Ein 42-jähriger Mann mit Diabetes mellitus Typ 2 und Bluthochdruck wurde in unsere Klinik überwiesen, um eine gemischte Hyperlipidämie zu untersuchen, die bei einer Routineuntersuchung festgestellt wurde. Die Ergebnisse der körperlichen Untersuchung waren unauffällig. Der Patient wies keine xanthomatösen Ablagerungen auf. Seine Familienanamnese war stark positiv für Typ-2-Diabetes.

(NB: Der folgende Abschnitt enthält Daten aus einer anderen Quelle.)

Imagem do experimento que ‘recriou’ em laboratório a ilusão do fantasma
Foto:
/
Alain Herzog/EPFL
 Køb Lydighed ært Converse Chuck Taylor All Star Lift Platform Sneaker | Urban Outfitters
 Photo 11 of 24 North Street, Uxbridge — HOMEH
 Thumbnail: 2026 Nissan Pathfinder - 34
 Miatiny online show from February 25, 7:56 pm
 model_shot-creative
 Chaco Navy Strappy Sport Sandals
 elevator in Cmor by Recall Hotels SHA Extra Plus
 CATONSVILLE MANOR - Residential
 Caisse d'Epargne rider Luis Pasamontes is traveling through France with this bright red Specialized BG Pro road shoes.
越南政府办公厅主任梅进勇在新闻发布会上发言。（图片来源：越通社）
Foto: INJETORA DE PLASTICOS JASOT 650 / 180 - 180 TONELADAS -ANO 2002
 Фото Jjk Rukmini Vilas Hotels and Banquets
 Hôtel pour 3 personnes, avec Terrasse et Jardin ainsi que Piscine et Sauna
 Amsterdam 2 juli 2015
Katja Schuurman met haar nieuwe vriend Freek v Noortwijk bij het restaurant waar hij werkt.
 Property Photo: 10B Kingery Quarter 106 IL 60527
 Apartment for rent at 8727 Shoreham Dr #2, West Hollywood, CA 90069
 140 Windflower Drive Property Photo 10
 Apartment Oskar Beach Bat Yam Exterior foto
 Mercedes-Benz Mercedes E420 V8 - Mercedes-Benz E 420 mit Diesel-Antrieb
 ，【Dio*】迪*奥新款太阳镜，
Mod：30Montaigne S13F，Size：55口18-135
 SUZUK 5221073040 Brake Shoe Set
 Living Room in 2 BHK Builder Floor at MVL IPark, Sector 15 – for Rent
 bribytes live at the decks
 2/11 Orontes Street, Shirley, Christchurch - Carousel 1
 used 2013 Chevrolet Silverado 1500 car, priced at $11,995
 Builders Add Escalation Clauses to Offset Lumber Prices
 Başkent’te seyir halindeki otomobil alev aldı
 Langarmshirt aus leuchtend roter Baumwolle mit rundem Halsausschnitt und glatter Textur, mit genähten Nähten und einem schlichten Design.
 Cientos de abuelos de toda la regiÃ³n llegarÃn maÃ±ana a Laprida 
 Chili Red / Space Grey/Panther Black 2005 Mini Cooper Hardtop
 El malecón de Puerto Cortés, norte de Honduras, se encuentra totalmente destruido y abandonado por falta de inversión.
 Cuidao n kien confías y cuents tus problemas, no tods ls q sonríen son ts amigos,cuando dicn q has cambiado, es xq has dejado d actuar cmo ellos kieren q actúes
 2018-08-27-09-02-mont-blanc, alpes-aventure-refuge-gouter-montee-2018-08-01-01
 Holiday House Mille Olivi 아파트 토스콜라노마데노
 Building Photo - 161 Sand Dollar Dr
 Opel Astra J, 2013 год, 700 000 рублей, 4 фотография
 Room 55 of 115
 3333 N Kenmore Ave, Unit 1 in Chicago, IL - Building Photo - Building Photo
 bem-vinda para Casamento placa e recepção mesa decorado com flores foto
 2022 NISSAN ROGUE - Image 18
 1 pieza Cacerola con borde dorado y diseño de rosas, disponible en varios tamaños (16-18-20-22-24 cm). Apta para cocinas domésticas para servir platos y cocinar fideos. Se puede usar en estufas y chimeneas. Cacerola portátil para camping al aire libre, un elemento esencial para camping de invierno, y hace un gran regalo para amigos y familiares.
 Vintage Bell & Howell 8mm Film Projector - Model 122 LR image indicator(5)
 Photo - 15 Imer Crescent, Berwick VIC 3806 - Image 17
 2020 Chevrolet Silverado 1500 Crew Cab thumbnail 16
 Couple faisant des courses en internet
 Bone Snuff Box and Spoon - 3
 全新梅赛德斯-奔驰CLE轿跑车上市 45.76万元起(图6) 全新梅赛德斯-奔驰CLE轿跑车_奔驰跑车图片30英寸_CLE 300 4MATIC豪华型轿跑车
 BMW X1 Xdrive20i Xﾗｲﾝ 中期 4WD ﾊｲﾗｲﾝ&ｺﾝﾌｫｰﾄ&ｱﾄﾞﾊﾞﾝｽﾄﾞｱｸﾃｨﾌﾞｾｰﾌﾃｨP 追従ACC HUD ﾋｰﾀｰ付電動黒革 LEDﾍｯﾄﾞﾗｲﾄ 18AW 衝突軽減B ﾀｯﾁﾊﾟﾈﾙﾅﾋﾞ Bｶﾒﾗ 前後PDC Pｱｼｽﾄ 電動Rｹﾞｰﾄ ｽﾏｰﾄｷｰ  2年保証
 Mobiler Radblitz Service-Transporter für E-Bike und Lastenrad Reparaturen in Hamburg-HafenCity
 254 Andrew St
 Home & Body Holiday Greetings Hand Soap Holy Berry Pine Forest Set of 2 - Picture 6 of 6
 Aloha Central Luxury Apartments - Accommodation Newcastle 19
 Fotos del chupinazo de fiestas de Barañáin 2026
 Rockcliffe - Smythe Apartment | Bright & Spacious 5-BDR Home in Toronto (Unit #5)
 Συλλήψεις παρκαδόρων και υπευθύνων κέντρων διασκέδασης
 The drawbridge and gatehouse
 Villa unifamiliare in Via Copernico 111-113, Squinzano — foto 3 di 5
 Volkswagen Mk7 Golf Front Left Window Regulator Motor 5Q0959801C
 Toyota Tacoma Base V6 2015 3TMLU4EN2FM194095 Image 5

Er nahm unter anderem Ramipril, Glyburid und Hydrochlorothiazid ein.
In unserer weiteren Laboruntersuchung ergab eine Nüchternblutprobe ein stark lipämisches Serum mit einem Gesamtcholesterinspiegel von 536,34 mg/dL (Normalbereich=146,94-201,08 mg/dL), einem Gesamttriglyzeridspiegel von 5927,4 mg/dL (normal=31,15-151,3 mg/dL) und einem High-Density-Cholesterinspiegel (HDL-C) von 23,4 mg/dL (normal=35,1-93,6 mg/dL). Der Spiegel des schilddrüsenstimulierenden Hormons (TSH) betrug 0,94 mIU/L (normal=0,49-4,67 mIU/L).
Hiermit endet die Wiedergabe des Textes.